Support itk.Image use in Dask Array `map_blocks`

thewtex commented 5 years ago

To avoid explicit type coersion in Dask Array map_blocks, consider adding

[x] dtype
[x] shape
[x] ndim
[ ] __array_function__

to itk.Image.

@jakirkham @mrocklin

thewtex commented 4 years ago

ndim, dtype, shape added in #1780

jakirkham commented 4 years ago

Nice! Thanks for the update Matt 😄

mrocklin commented 4 years ago

Woot. Have we tried this out in a workflow yet? If not, it might be fun to try something and throw it into a "Better ITK and Dask Integration" blogpost.

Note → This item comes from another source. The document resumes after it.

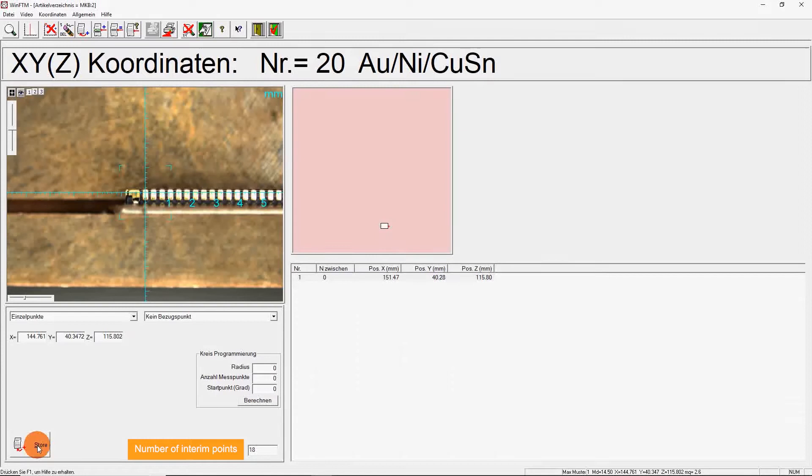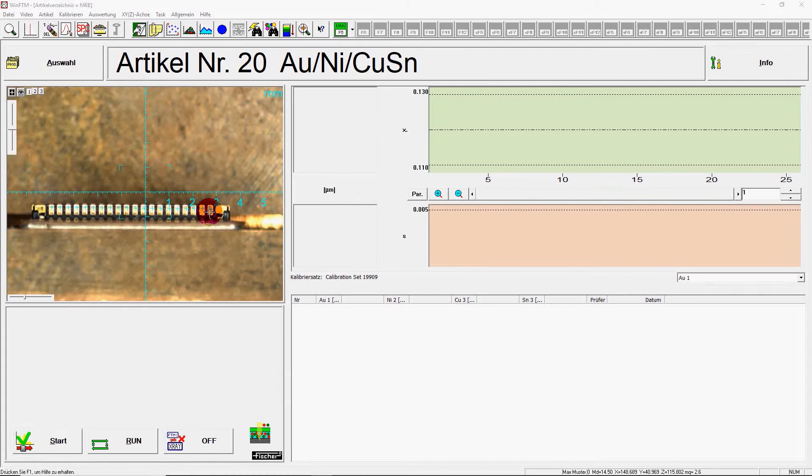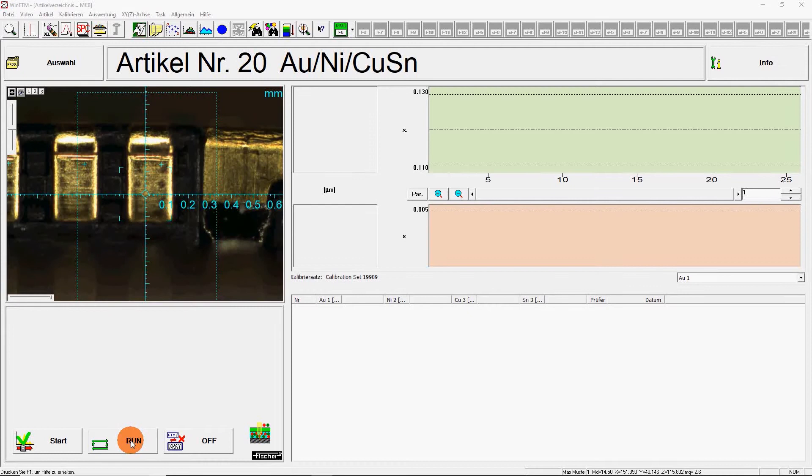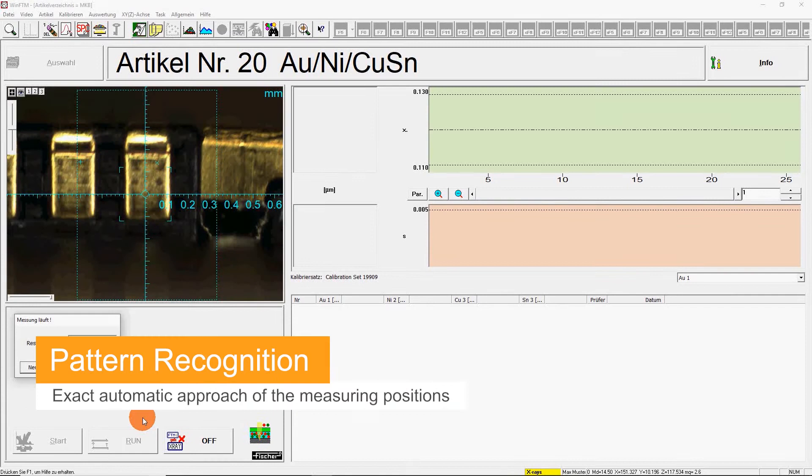The measurement is now performed automatically for all 20 measuring points. Thus, the XTV Mu moves to the exact measuring positions using the pattern recognition, eliminating the need for the operator to define each measuring position individually. That saves time and greatly simplifies the handling of the X-ray.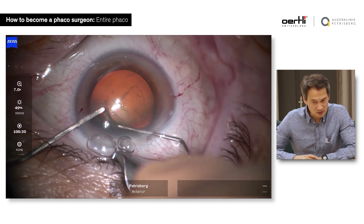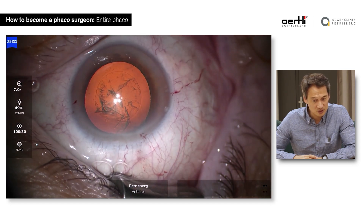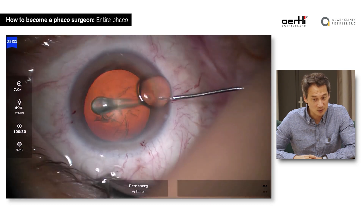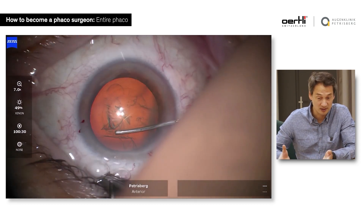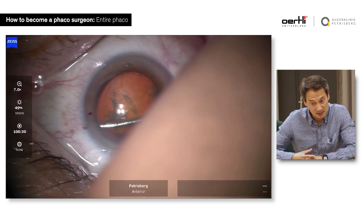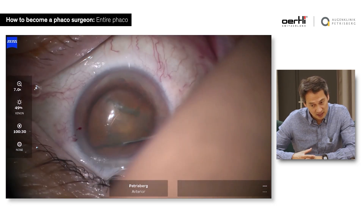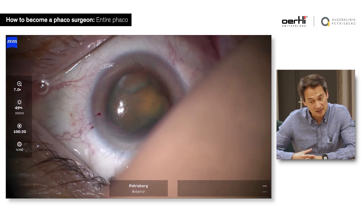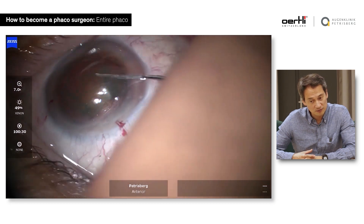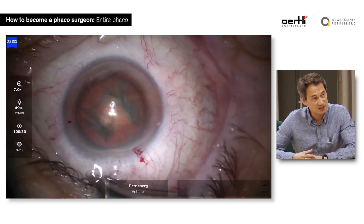Regarding the capsulorhexis, it's always good to have a clear and good red reflex. You can see that I'm not really managing that well all the time. This is me operating, by the way — this is real time. Hydrodissection, which we've talked about before, is very important.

On Wed, Apr 22, 2020 at 8:40 PM jakirkham notifications@github.com wrote:

Nice! Thanks for the update Matt 😄

— You are receiving this because you were mentioned. Reply to this email directly, view it on GitHub https://github.com/InsightSoftwareConsortium/ITK/issues/1091#issuecomment-618158352, or unsubscribe https://github.com/notifications/unsubscribe-auth/AACKZTGLLS3TBULKKDHCHJ3RN62CXANCNFSM4IDR56VQ .

thewtex commented 4 years ago

@mrocklin great idea -- I'll see about following up on our initial post with some denoising...

stale[bot] commented 4 years ago

This issue has been automatically marked as stale because it has not had recent activity. Thank you for your contributions.

stale[bot] commented 3 years ago

This issue has been automatically marked as stale because it has not had recent activity. Thank you for your contributions.

GenevieveBuckley commented 3 years ago

Is this something I can help along?

thewtex commented 3 years ago

Hi @GenevieveBuckley,

Help on this would be amazing! :pray:

We need to add pickle support to itk.Image.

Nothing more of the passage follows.